Union fühlt sich von der Regierung in der Ukraine-Politik unzureichend informiert

Unions-Fraktionschef Merz hat die Informationspolitik der Bundesregierung hinsichtlich der Ukraine-Hilfen als unzureichend kritisiert. „Die Stimmung zwischen der Bundesregierung und uns wird schlechter.“ Dafür macht Merz vor allem Bundeskanzler Olaf Scholz verantwortlich. „Da werden Fragen beantwortet, die ihm gar nicht gestellt worden sind. Und die Fragen, die ihm gestellt worden sind, beantwortet er nicht.“ Konkrete Fragen nach Waffenlieferungen etwa beantworte die Bundesregierung aus „Sicherheitsgründen“ nicht.

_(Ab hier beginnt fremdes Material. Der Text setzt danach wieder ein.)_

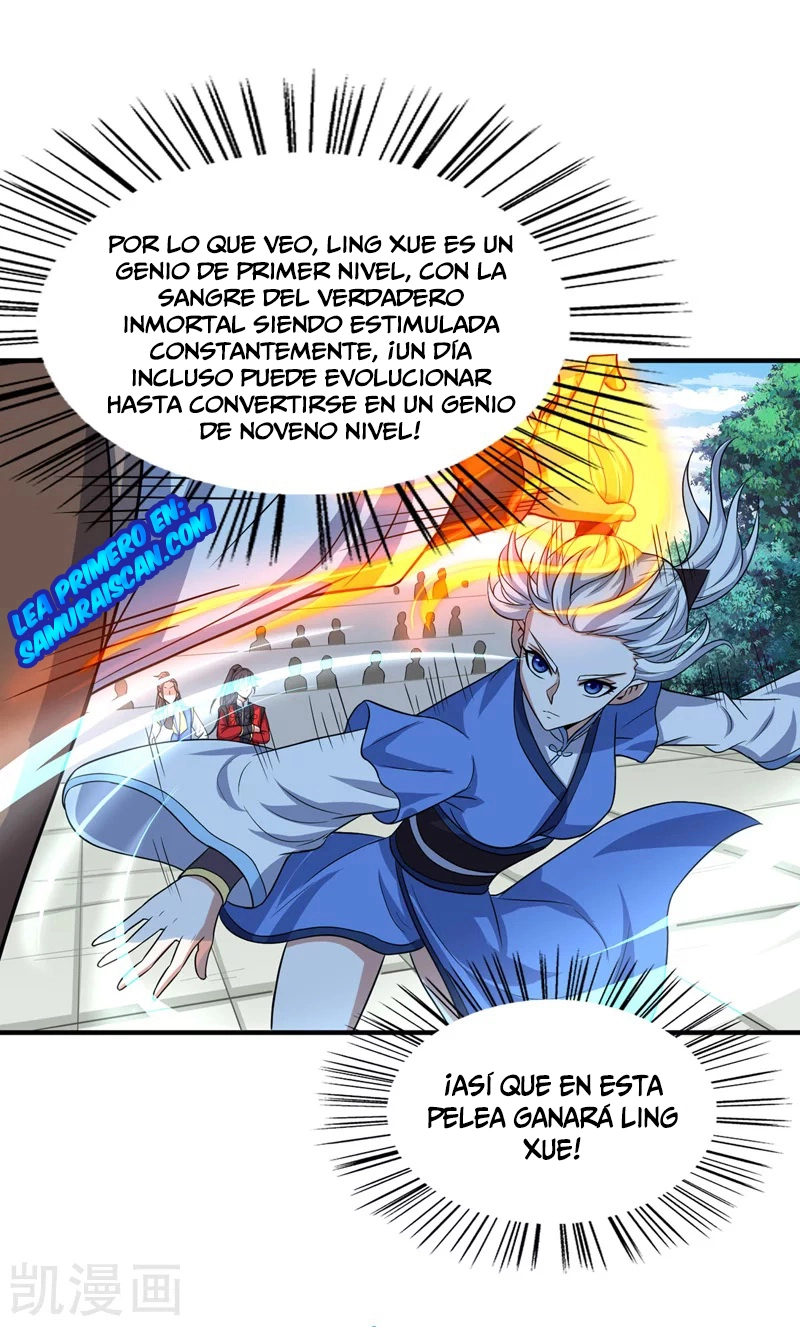 Read Renacido como el Señor Supremo ES Manga Online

Das Verhalten des Bundeskanzlers folge offenbar einem Muster, so Merz. Auch von Verteidigungsministerin Christine Lambrecht fühlt er sich seit Wochen hingehalten. „Der Gipfel ist, dass die Verteidigungsministerin jetzt behauptet, das sei mit der ukrainischen Regierung so abgesprochen. Und die ukrainische Regierung widerspricht dem ganz offen. Also hier sind die Dinge nicht in Ordnung.“
Wäre er, Merz, Bundeskanzler, würde er die Öffentlichkeit besser informieren. „Natürlich müssen die Transportwege geheim gehalten werden“, so Merz. „Aber wir müssen doch die Öffentlichkeit darüber informieren, was geliefert wird. Wir müssen die Öffentlichkeit darüber informieren, woran es liegt, dass bestimmte Dinge noch nicht geliefert worden sind. Also die Bundesregierung setzt sich dem Verdacht aus, dass sie ihre Zusagen nicht einhält.“
"Dieses Problem nicht selbst ins Haus holen"

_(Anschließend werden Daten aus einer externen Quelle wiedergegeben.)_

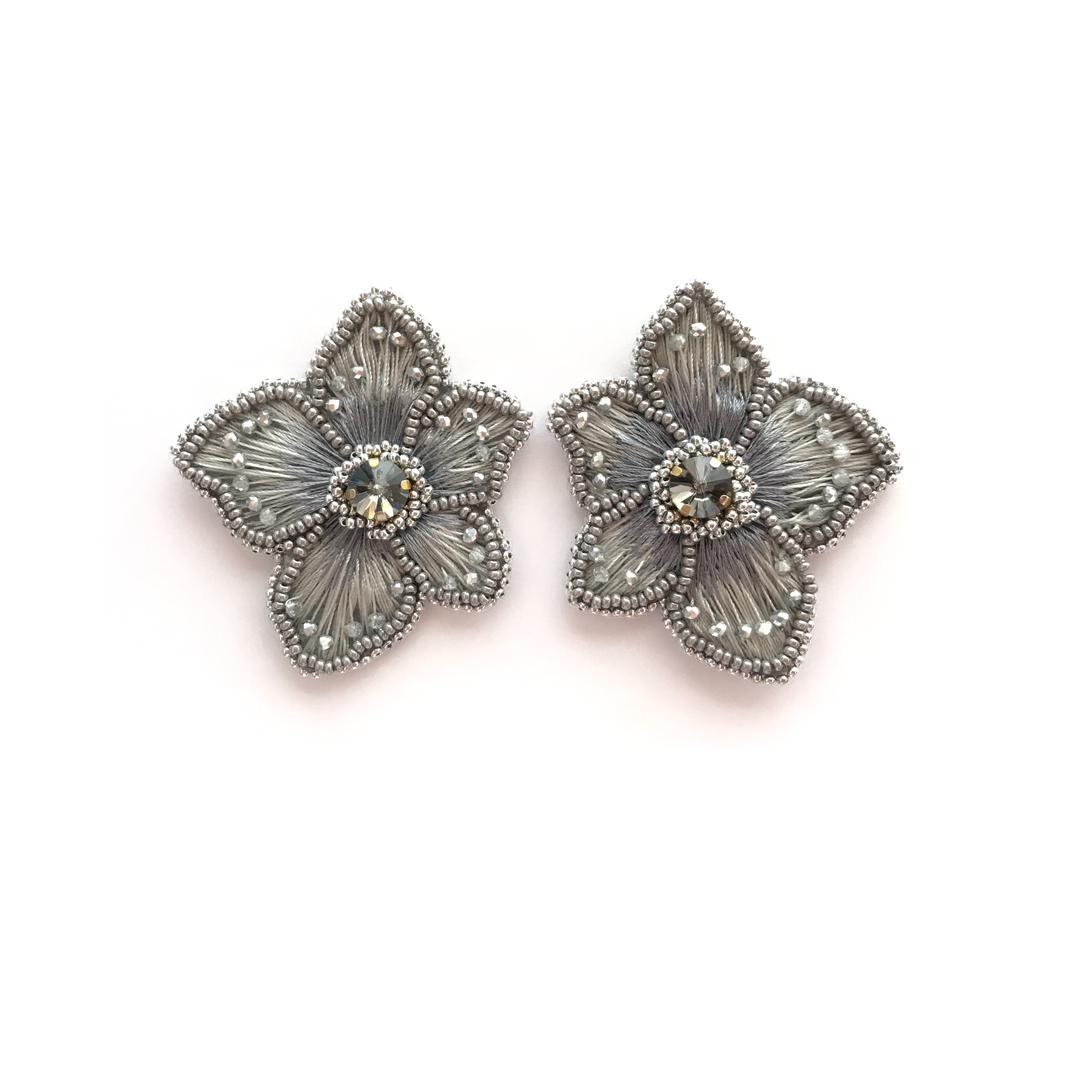 TUALÉ PT-0220 PARADISE L EARRINGS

Auf die Energieimporte aus Russland komplett zu verzichten, lehnt Merz ab. Kohleimporte könne man sofort stoppen, Öleinfuhren „innerhalb der nächsten drei Monate“. Aber bei Gas sehe die Sache anders aus. „Große Teile der deutschen Grundstoffindustrie sind von diesen Gaslieferungen abhängig“, so Merz weiter. „Wir müssen uns darauf einrichten, dass Russland diese Gaslieferungen möglicherweise in den nächsten Tagen oder Wochen stoppt. Dann haben wir ein großes Problem. Aber wir müssen uns dieses Problem nun nicht noch selbst zu uns ins Haus holen.“
Den Äußerungen des ukrainischen Botschafters in Deutschland, Andrij Melnyk, der alle Russen „momentan“ als Feinde bezeichnet hatte, begegnet Merz mit Verständnis. „Das ganze Land ist im Krieg, wir erleben Gräueltaten gegen die Zivilbevölkerung, und dass man da nicht immer sachlich und nüchtern bleibt, sondern natürlich auch sehr emotional wird, auch gegenüber seinem Gastland, dafür habe ich größtes Verständnis.“ Es sei Melnyks Aufgabe, so zu arbeiten.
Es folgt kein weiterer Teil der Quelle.